Lord Vishnu received the message in the divine language of Sanskrit. Vishnu, being the God of wisdom as well, knew right away what holy cow-dung his Brother God had fallen into. So he telepathed back: “ You’re indestructible. Why are you worried?”

“This is no time for unholy jokes. You know that my boon is irreversible and irreconcilable.”

“Oh, yes. Let’s not wait till the stars hit each other to find out what would happen. Here I come,” said Lord Vishnu, giving the much-needed solace to Lord Shiva.

Now there must have been  a distance of some 2000 cubits between the running Lord and the chasing demon, and their rapid footsteps were resounding across the three worlds. Lord Shiva turned a corner and, for a few moments, was out of sight.

Not to worry, the demon soon came up and turned the corner.

What he saw was the prettiest woman a demon could have ever imagined.

Moon-like face. Kohl-lined Lotus-petal eyes. Cherry  lips, teeth like a bead of pearls. Voluptuous breasts. Belly flat like a banyan-tree leaf. Wide hips. Smooth elephantine thighs. Carved calves. Just as Ravan complimented Sita in Valmiki Ramayana,  Sarga 3. Aranya Kanda (Episodes in the Forest)

The demon stopped in his track. Lord Shiva ran and ran and disappeared over the edge of the Milky Way.  Ash-demon did not notice the disappearance of his prey. He felt that  the beauty hit him like a flash of light –  he was delirious and drained as though he had just made love. His twelve-year-long abstinence looked like taking its toll.

There was no time for  preliminaries. Because the urge to put his hand on Lord Shiva’s head was still in the back of his mind.  Perhaps he was born in the subcontinent and did not believe in preliminaries.

“Please, oh please, you heavenly beauty, let me kiss you.”

“You look as though you need more than a kiss. You can make love to me if you promise to be faithful ever after,” said Mohini, for that was Vishnu’s trans-gendered name.

“I promise. This very moment.”

“Well, you know how we make a solemn promise. Put your palm of your right hand on top of your head and swear that you’d never be unfaithful.”

The demon placed his palm over his head and said : “I swear…”

Boom. There fell a heap of ash where the wily demon had been standing.

“Your riddle is solved; you’re safe,” called out  Mohini over the divine telepathy.

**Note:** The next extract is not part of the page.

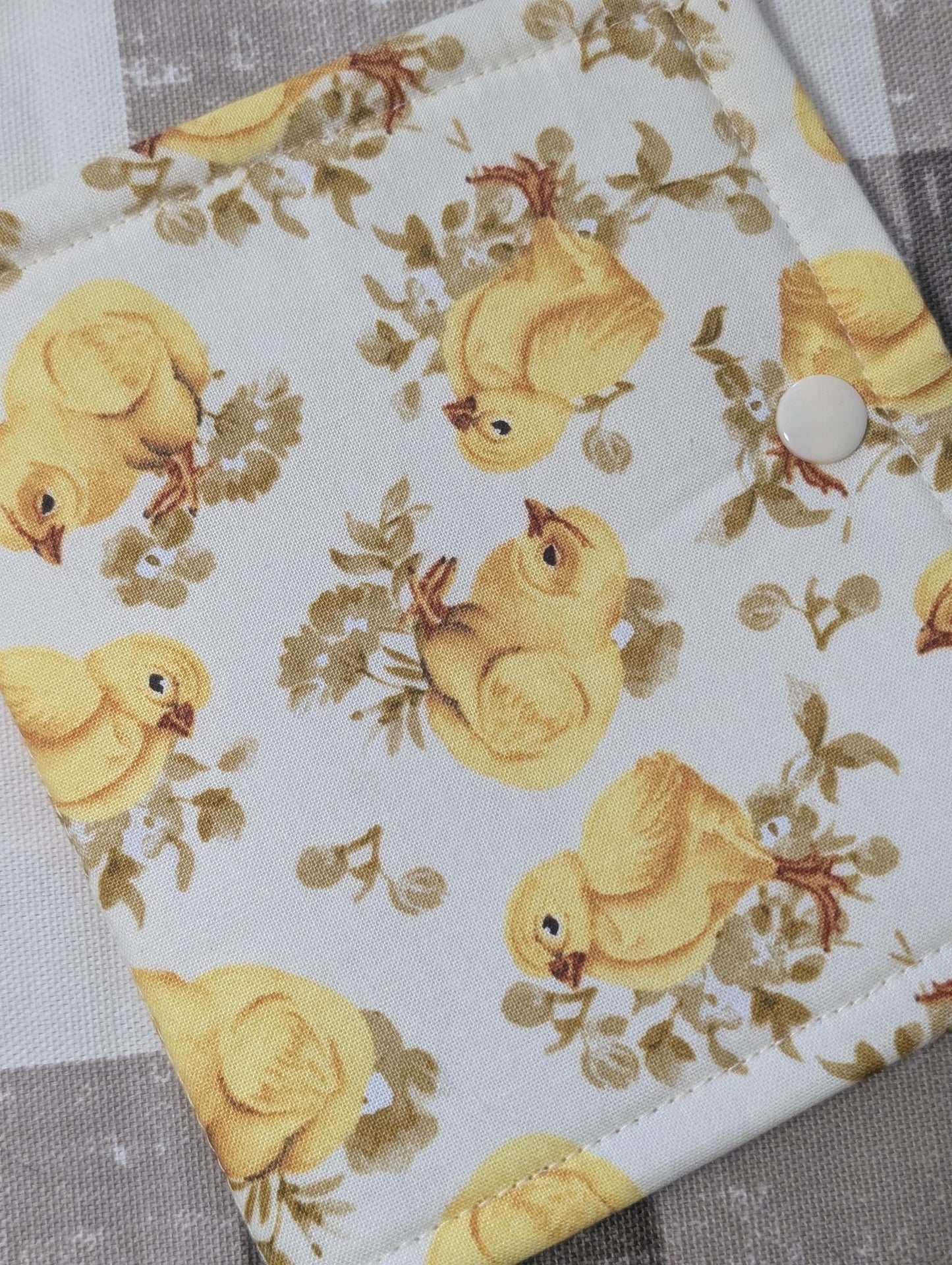 Chicks Vinyl Front Project Bag for Cross Stitch Needlepoint Embroidery WIP Organizer Scrapbooking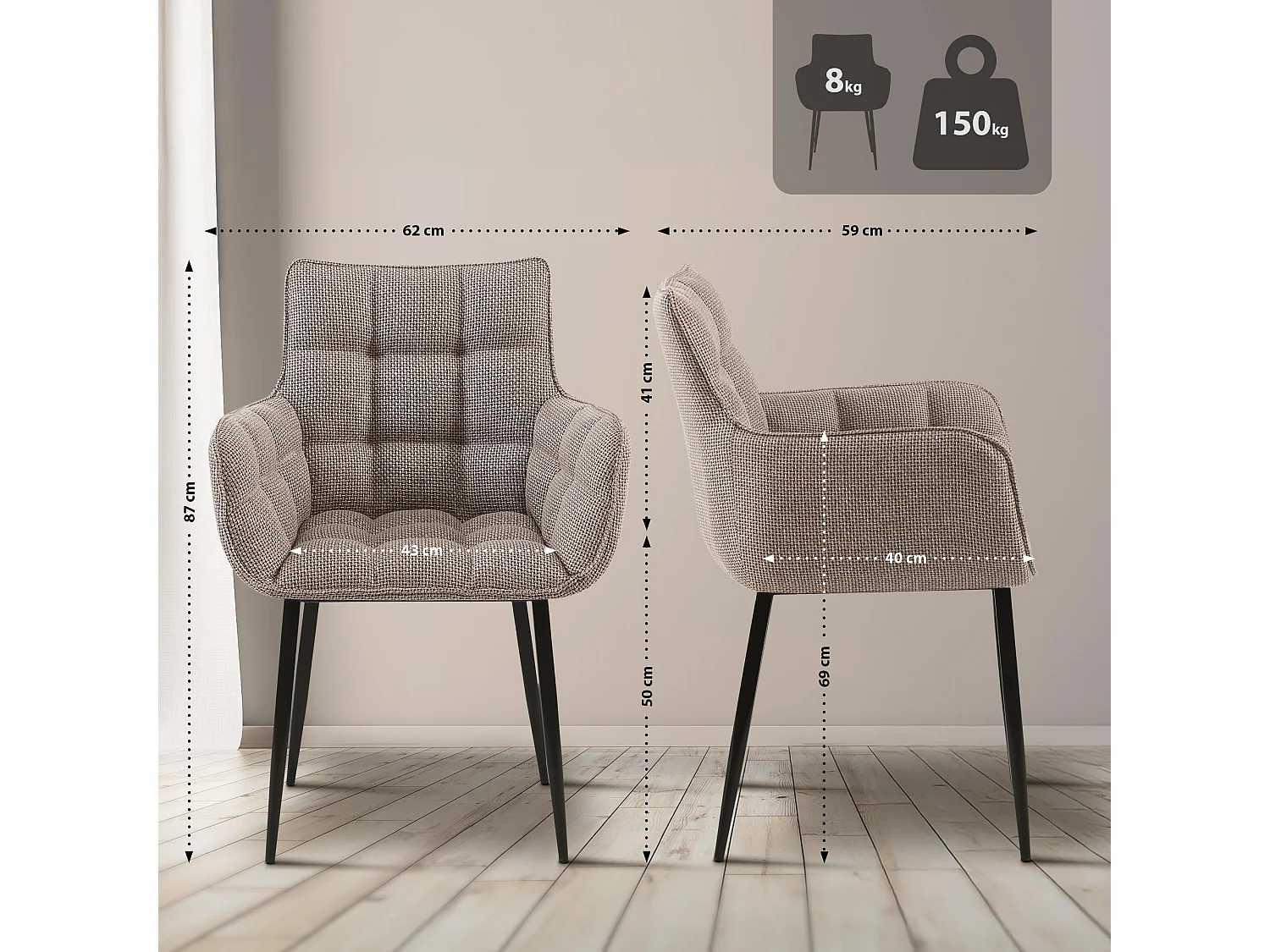 chaises avec accoudoirs - Tissu & Noir - Marron terre - Tirana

“Thank you,” said Lord Shiva. “How did you manage to do that?”

“Come back and look,” said Lord Vishnu, wanting to impress his Trinity-partner with his yet unheard of makeup artistry.

Shiva walked  back gingerly, still a bit riddled and hence cautious, till he saw the beautiful Mohini, fit to walk any  heavenly ramp and gather any number of  wolf whistles.

Now Gods are special. When they make up as  females, they don’t just take a close shave, put on a wig,  coconut-shell breasts and wear lipstick. They become females all the way, I mean all the way, including the double-X chromosomes and the internal fittings that go with them.

Lord Shiva forgot his promise of fidelity to Parvathi.

Lord Vishnu, now Mohini, felt enamoured of the rough-and-tough macho look of Lord Shiva.

Sparks flew. As they show in Hindi films, two pigeons kissed while music played in the background.

That’s how South India’s favourite god Ayyappa was born as a solution to all riddles, fears and worries of the world.